There are still lenders that grant loans to those with bad credit, but they have imposed limits. Some lenders may not grant any loans to them at all. Having a bad score makes borrowers look like they have not paid off their debts in due time. If you have a bad credit score, you need to improve it to have better loan opportunities.
Clear Off Other Debts
One of the reasons people have a bad credit score is because they have more than one unpaid debt. Having several unpaid debts is harmful to your credit history, because you won’t be granted other loans when you need it. You may be unable to balance your finances for your daily needs. This will only make you get another loan. Hence, you must sort out your financial responsibilities and be more responsible with your money.
It would be best to pay off your other debts before you plan to apply for another one. You can start by paying off the earliest debt and then the later ones. Try paying off the most expensive ones first to gradually ease the burden of your debts.
However, it is fine to go for a loan if you have other loans that aren’t money.
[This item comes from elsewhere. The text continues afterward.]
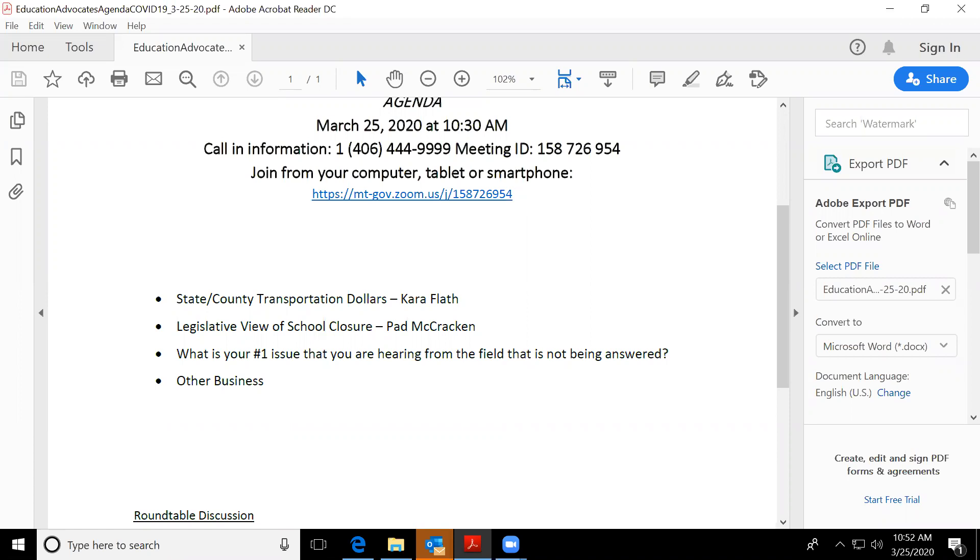Okay, if there are no other questions, Pat, we'll move on to number three. In other words, what are we hearing from the field and what kind of answers are they seeking and how is it that we can better serve?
There are loans for other assets, such as homes and vehicles. These loans are typically long term, which can span for more than a decade. Payments for these loans are fixed and are often not paid in advance.
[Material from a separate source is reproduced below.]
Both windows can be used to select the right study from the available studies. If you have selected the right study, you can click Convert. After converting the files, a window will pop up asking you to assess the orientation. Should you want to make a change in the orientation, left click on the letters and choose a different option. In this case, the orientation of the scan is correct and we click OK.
Look for a Way to Repay Your Loans
Before you take out a loan, you must find a way to consistently pay it off. There are several loans where borrowers pay off the loan in monthly installments. Some of them are fixed, while some can be paid off before the due date.
While in debt, you need to have a consistent source of finances to pay off the loan. The most common ways are through salary and profit. A good idea would be utilizing the borrowed money for business and then paying it back through the profit. If it sells well, it could even grow to provide enough money for your needs to the point that you wouldn’t need to borrow money anymore.
Secure a Collateral
There are two types of loans: secured loans and unsecured loans. Secured loans are the type of loan where you pledge your assets as collateral. If you cannot pay off the debt, the lender will take the collateral instead. On the other hand, unsecured loans are those that don’t require collateral. Failure to pay the loan in due time will cause a reduction in your credit score.
Those with high credit scores can get unsecured loans, while those with lower scores may only get secured loans. Criteria may vary depending on where you will take a loan, so it’s best that you need to secure collateral to be prepared. It may be a vehicle, your home, or anything of value like jewelry.
Borrowing money from financial institutions requires responsibility and the promise of paying back the amount that was borrowed. Before taking a loan, you need to be prepared to have hassle-free transactions and spending in the long run.